Um novo livro diz que sim – e elas venceram. No Brasil, criam mais empresas. Nos EUA, já ganham melhores salários no primeiro emprego. Agora, lutam por chances iguais de crescimento
Charlô é uma mulher poderosa. Pilota aviões, salta de paraquedas,
diverte-se com namorados vários e defende o avanço feminino no mercado
de trabalho. Otávio é conservador, autoritário e mal-humorado – além de
machista incorrigível. Em 1983, Charlô e Otávio, interpretados por
Fernanda Montenegro e Paulo Autran, se enfrentavam na novela Guerra dos sexos.

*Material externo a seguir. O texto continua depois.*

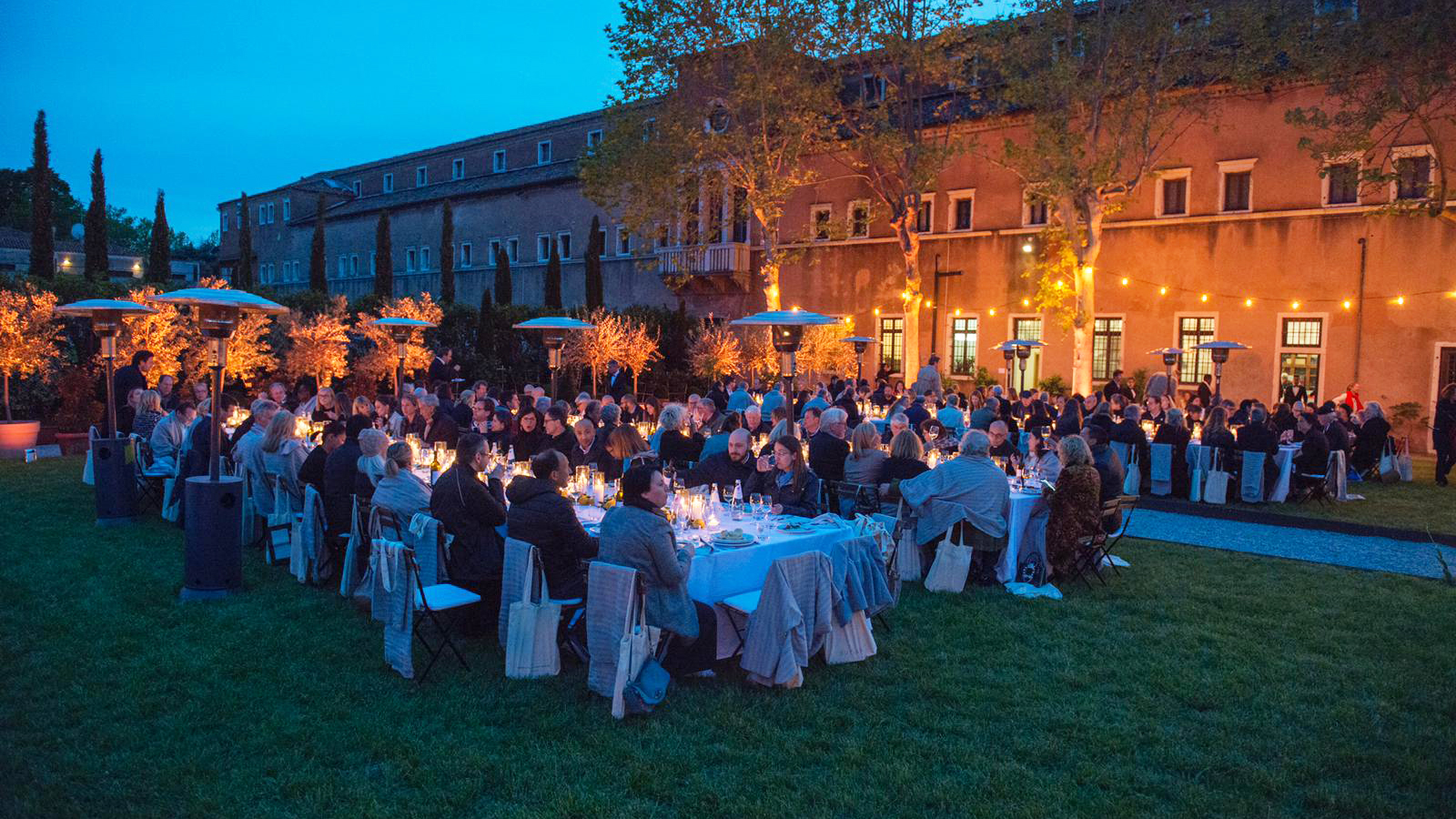 4 crucial factors for perfect art event planning with Anna Clark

Quase 30 anos depois, o embate volta à TV, numa novela com o mesmo
nome, com Irene Ravache e Tony Ramos nos papéis de Charlô II e Otávio
II, sobrinhos do antigo casal. O autor, Silvio de Abreu, não quis fazer
uma adaptação. Trata-se, segundo ele, de outra novela. A escolha do
escritor – partir do zero e escrever um texto novo para tratar do tema
antigo – confirma um fenômeno observável na economia, na política, nos
costumes. Se ainda há uma guerra dos sexos em andamento, ela não segue o
roteiro conhecido até o início deste século. Estamos em território
completamente diferente. E francamente favorável a elas. Pelo menos no
mundo ocidental.
“Os homens estão há 400 anos dominando. As mulheres começaram a
aparecer há 40 – ainda têm muito chão para andar, mas estão indo
rápido”, diz a jornalista americana Hanna Rosin, autora de The end of men (O fim dos homens, ainda sem tradução no Brasil). Hanna é editora da revista The Atlantic
e faz coberturas de fôlego sobre sexualidade, relacionamentos e
sociedade. No livro, ela relaciona avanços femininos em diversas frentes
para concluir que a guerra dos sexos acabou – e elas venceram.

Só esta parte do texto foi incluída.